Footnote 1: inlining or not for std::vector

#include <vector>
int foo(std::vector<int> &v) {
    return v[0] + v[1];
}

Godbolt with gcc with the default -O0 vs. -Os for -mcpu=cortex-m7 just to randomly pick something. IDK if it's normal to use dynamic containers like std::vector on an actual microcontroller; probably not.

# -Os (same as -Og for this case, actually, omitting the frame pointer for this leaf function)
foo(std::vector<int, std::allocator<int> >&):
        ldr     r3, [r0]                @ load the _M_start member of the reference arg
        ldrd    r0, r3, [r3]            @ load a pair of words (v[0..1]) from there into r0 and r3
        add     r0, r0, r3              @ add them into the return-value register
        bx      lr

vs. a debug build (with name-demangling enabled for the asm)
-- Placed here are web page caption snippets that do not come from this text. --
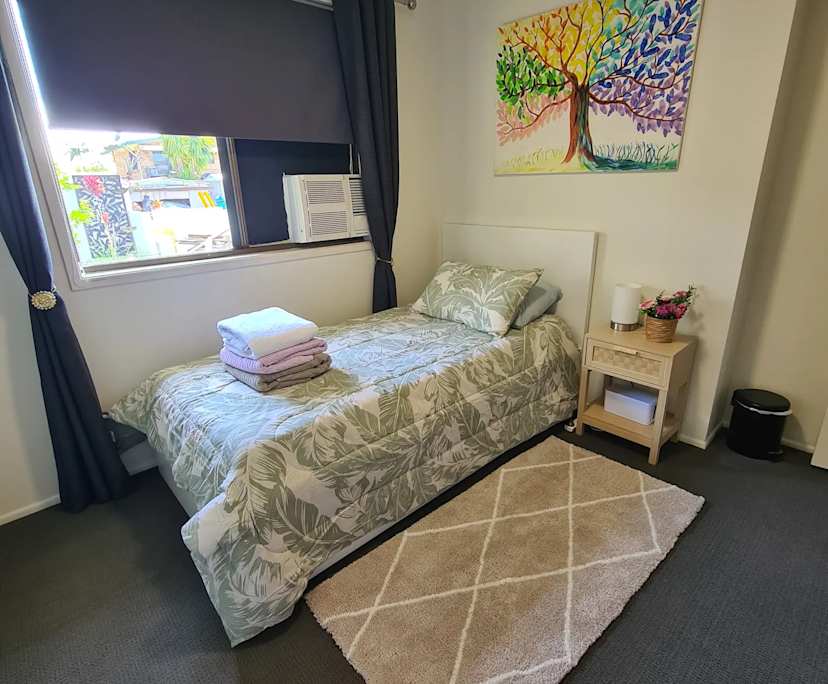 $220, Share-house, 3 bathrooms, Caboolture QLD 4510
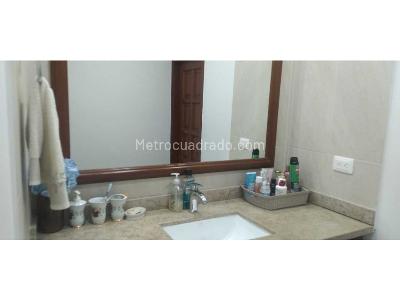 Casa en venta en Rodadero, Santa Marta · foto 16 de 20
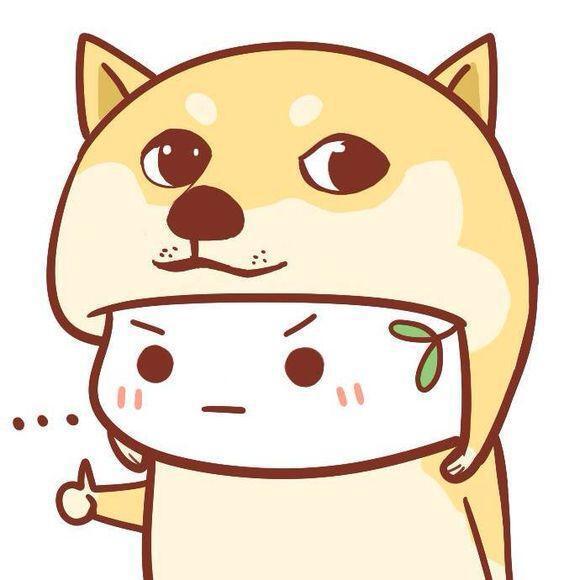 网易云音乐自助下单 - 抖音买fs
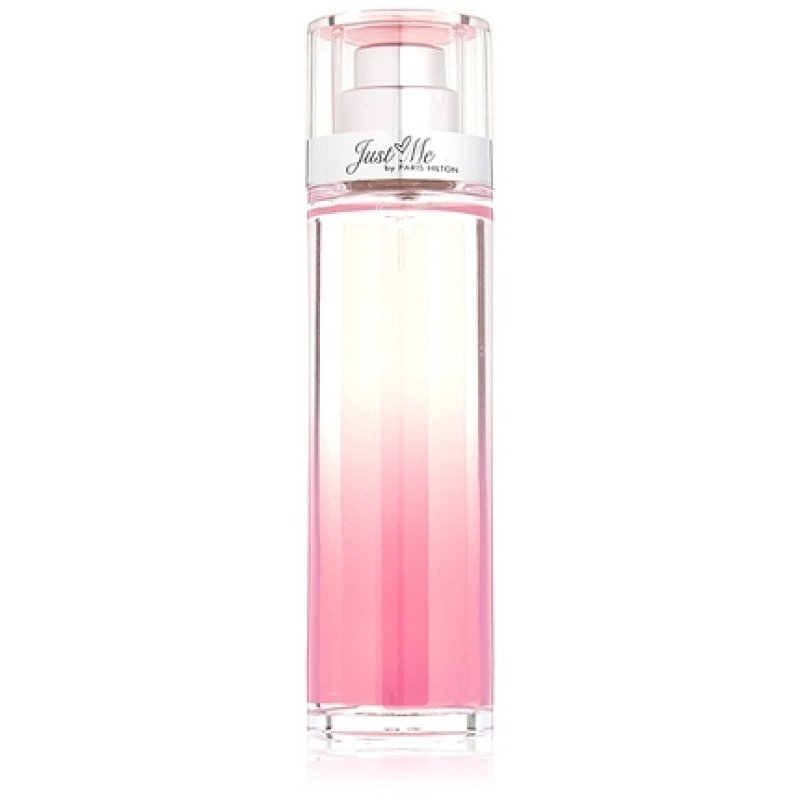 Just Me Paris Hilton for Women Eau De Parfum Spray 1oz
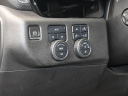 Thumbnail image of 2023 Chevrolet Silverado 1500 at Miami Lakes Automall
# GCC -O0 -mcpu=cortex-m7 -mthumb
foo(std::vector<int, std::allocator<int> >&):
        push    {r4, r7, lr}             @ non-leaf function requires saving LR (the return address) as well as some call-preserved registers
        sub     sp, sp, #12
        add     r7, sp, #0              @ Use r7 as a frame pointer.  -O0 defaults to -fno-omit-frame-pointer
        str     r0, [r7, #4]            @ spill the incoming register arg to the stack


        movs    r1, #0                  @ 2nd arg for operator[]
        ldr     r0, [r7, #4]            @ reload the pointer to the control block as the first arg
        bl      std::vector<int, std::allocator<int> >::operator[](unsigned int)
        mov     r3, r0                  @ useless copy, but hey we told GCC not to spend any time optimizing.
        ldr     r4, [r3]                @ deref the reference (pointer) it returned, into a call-preserved register that will survive across the next call


        movs    r1, #1                  @ arg for the v[1]  operator[]
        ldr     r0, [r7, #4]
        bl      std::vector<int, std::allocator<int> >::operator[](unsigned int)
        mov     r3, r0
        ldr     r3, [r3]                @ deref the returned reference

        add     r3, r3, r4              @ v[1] + v[0]
        mov     r0, r3                  @ and copy into the return value reg because GCC didn't bother to add into it directly

        adds    r7, r7, #12             @ tear down the stack frame
        mov     sp, r7
        pop     {r4, r7, pc}            @ and return by popping saved-LR into PC

@ and there's an actual implementation of the operator[] function
@ it's 15 instructions long.  
@ But only one instance of this is needed for each type your program uses (vector<int>, vector<char*>, vector<my_foo>, etc.)
@ so it doesn't add up as much as each call-site
std::vector<int, std::allocator<int> >::operator[](unsigned int):
        push    {r7}
        sub     sp, sp, #12
  ...

As you can see, un-optimized GCC cares more about fast compile-times than even the most simple things like avoiding useless mov reg,reg instructions even within code for evaluating one expression.


Footnote 1: metadata

If you could a whole ELF executable with metadata, not just the .text + .rodata + .data you'd need to burn to flash, then of course -g debug info is very significant for size of the file, but basically irrelevant because it's not mixed in with the parts that are needed while running, so it just sits there on disk.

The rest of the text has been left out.